WORK TO BE COMPLETED –
All of the listing below must be repeated word for word. Pictures are the only thing to omit.

EXCERPTED RECORDS –
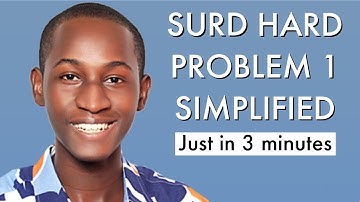 WASSCE/WAEC Maths Likely Question & Answer 2025 On Surd Hard Probrem 1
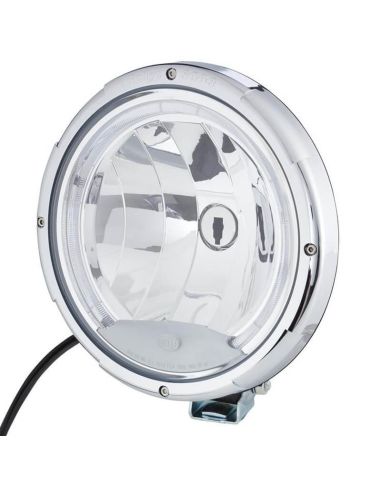 HELLA Rallye 3003 Celis Phare Additionnel Rond LED Position | H1 12/24V | Noir et Chrome 9 pouces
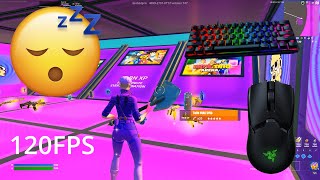 [4K] Razer Huntsman Mini ASMR Chill 😴 Bios Zone Wars 🏆 Satisfying Keyboard Fortnite (120FPS)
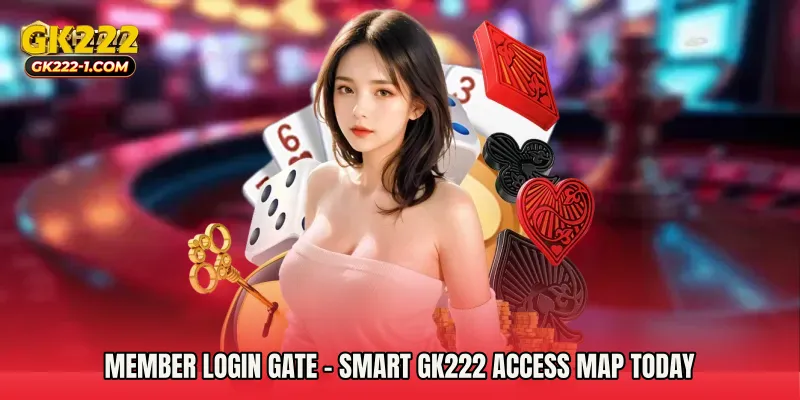 Member Login Gate - Smart GK222 Access Map Today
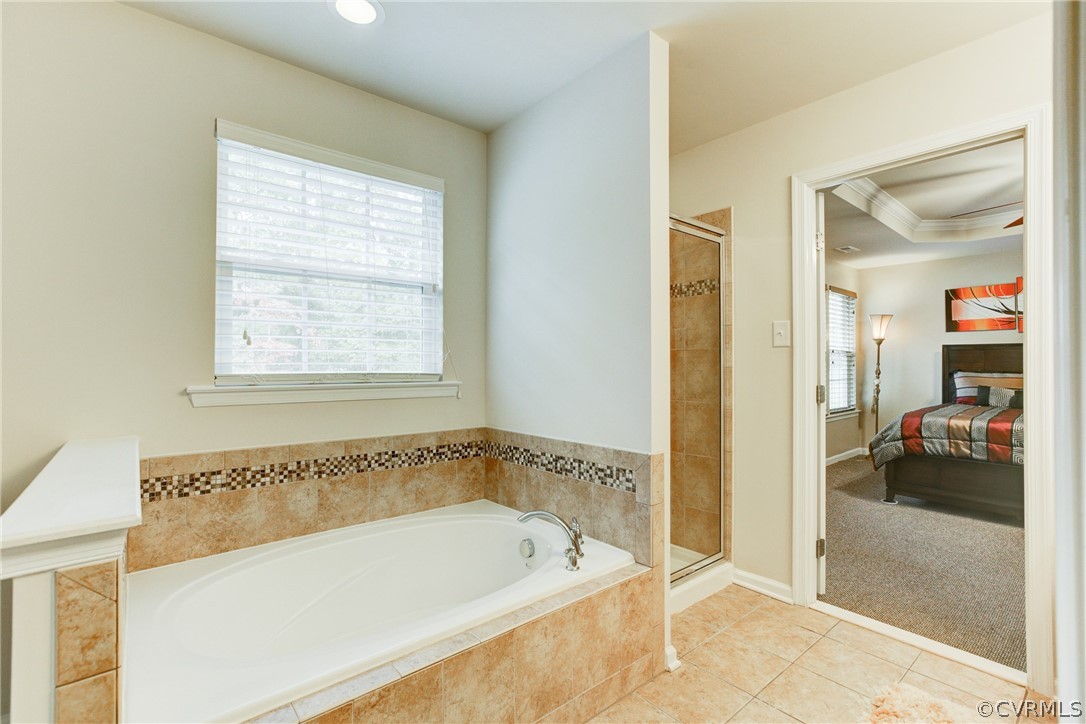 3602 Avocado Drive Midlothian, VA 23112 - Photo 34 of 39 a bathroom with a bathtub and a shower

YOUR SOLUTION –
 WASSCE/WAEC Maths Likely Question & Answer 2025 On Surd Hard Probrem 1
 HELLA Rallye 3003 Celis Phare Additionnel Rond LED Position | H1 12/24V | Noir et Chrome 9 pouces
 [4K] Razer Huntsman Mini ASMR Chill 😴 Bios Zone Wars 🏆 Satisfying Keyboard Fortnite (120FPS)
 Member Login Gate - Smart GK222 Access Map Today
 3602 Avocado Drive Midlothian, VA 23112 - Photo 34 of 39 a bathroom with a bathtub and a shower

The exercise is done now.